The morning after Charlottesville I woke up thinking about my father. He endured an anti-Semitic beating during basic training at Fort Dix before shipping out to Europe to fight the Nazi expansion into Brussels and France. Wounded twice, he came back with a Purple Heart and an Oak Leaf, but missing a body part. Decades later, when I was a young child, I was noodling around in an old cabinet in the basement of our suburban home and found a Nazi armband. He wouldn’t tell me anything about how he came by it, but he must have disposed of it because I never saw it again, even after helping him move twice and packing up his belongings for donation after he died.
Despite his experience as a victim of anti-Semitism and a soldier against Nazism, my father was not a particularly tolerant person. He lived most of his life in middle class secularly Jewish neighborhoods working in an industry where there were lots of other middle class secular Jews. He knew plenty of people who were not like him, but he didn’t engage with these “others” socially. A few years before he died, we went to an Arizona Dbacks game together. The pregame announcements were delivered in both English and Spanish. “That’s awful,” my father said. Shocked, I asked him what he meant. “Why should they be making announcements in Spanish?” he replied. I explained – or tried to explain – that the nearby border was just a line in the sand, that people were speaking Spanish – and indigenous languages – in this area long before anyone spoke English, and that in all likelihood 1/3 of the people in the stadium had Spanish as a first language, so shouldn’t they be able to understand where the emergency exits are? By way of follow-up a few days later, I shared a statistic with him that indicated that a majority of Americans of all races have never invited a person of another race into their homes (a more recent report indicates that 40% of White Americans do not have any friends of another racial identity) and that never once had their been someone of another race in our home when I was growing up. A lifelong Democrat, he got defensive about his liberal/moderate bona fides, and reminded me that our Black mailman came over for coffee. In turn, I reminded him that the only reason he did was because he was buying our car. (I was quite young, but remember that the car was white and had fins.)

Five years after WWII, my father met my mother.
My father’s brand of social liberalism – and perhaps it is endemic of his generation – was to tolerate others as long as we all kept to our own groups. It’s not really a surprising perspective since he was raised by a woman who had fled Ukrainian pogroms with her parents and huddled with others who were like them in self-defense. My generation and especially my children’s are much more mobile. We move fluidly from region to region and neighborhood to neighborhood. I am very much in a religious minority in my current neighborhood; there are more Muslims and Hindus in my kids’ high school than there are Ashkenazi Jews. Despite his faults, my father and the men of his generation fought and died so that the Muslims, Hindus, and Jews in my neighborhood could live peacefully among its Christian majority. Now a few – and I hope it is only a few – of their children and grandchildren have somehow gotten it into their heads that that isn’t such a good idea, that justice and equity for all somehow diminishes their very manhood.

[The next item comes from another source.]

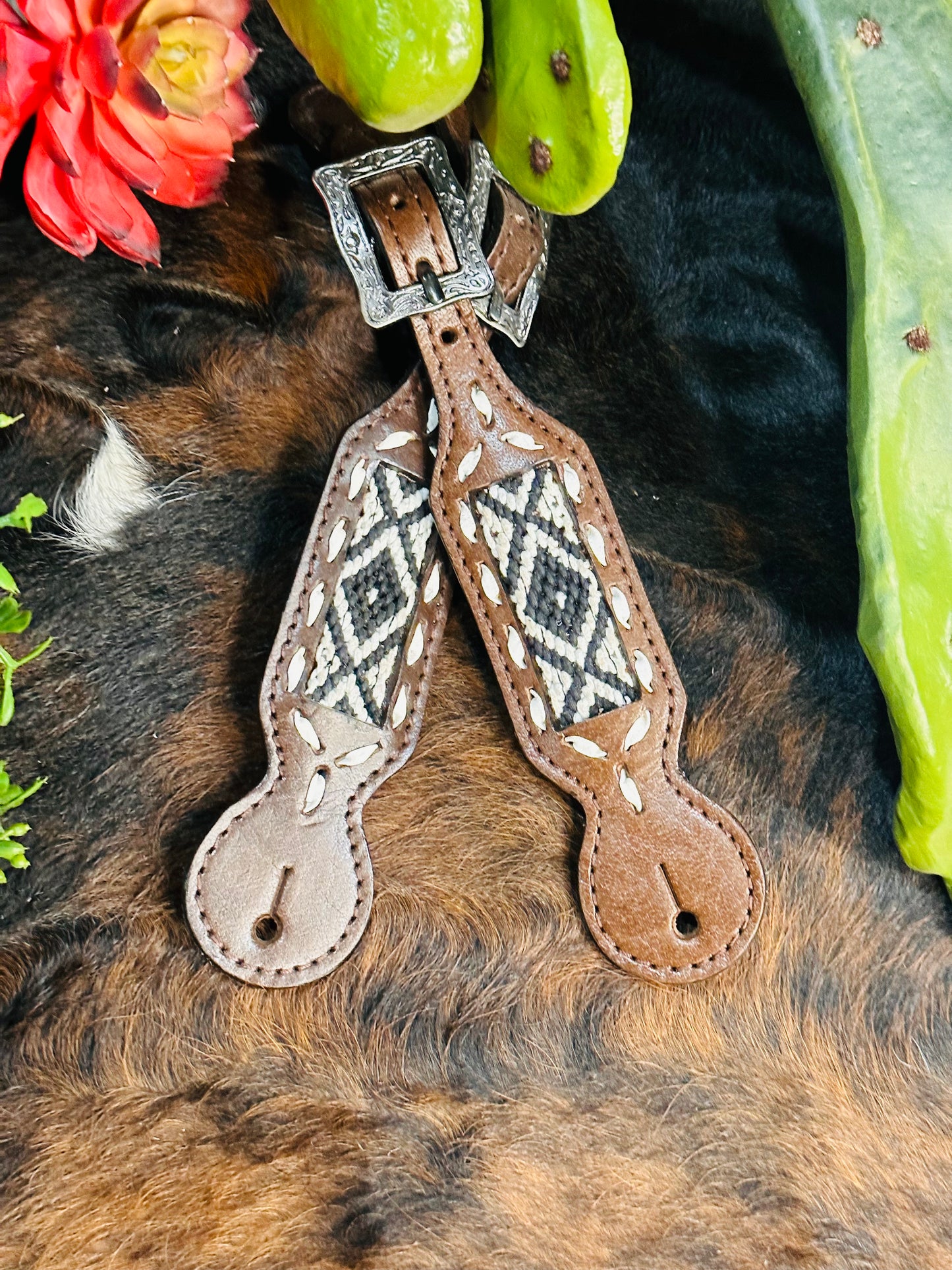 Woven Black Aztec Spur Straps *Womens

My world view is different from my father’s not only because he fought in a war and I didn’t, but because I have lived in different places, places where public schools aren’t closed in observance of Jewish holidays, where Spanish is spoken in public gathering spaces, and where my children were taunted on the playground for their ethnicity.
But on this morning after Charlottesville, I am not thinking about what divides us, but what unites us. What unites us is not religion (religion is a dividing line), not race (race is a divisive social construct), and certainly not geography. What unites us is that we are all human, with the capacity for love (and, unfortunately, its opposite). How can we build love in our communities? How can we understand what it means to be human? For the biological answer, we have science, but for the spiritual one, we have art. Art questions, art explores, art answers, art loves.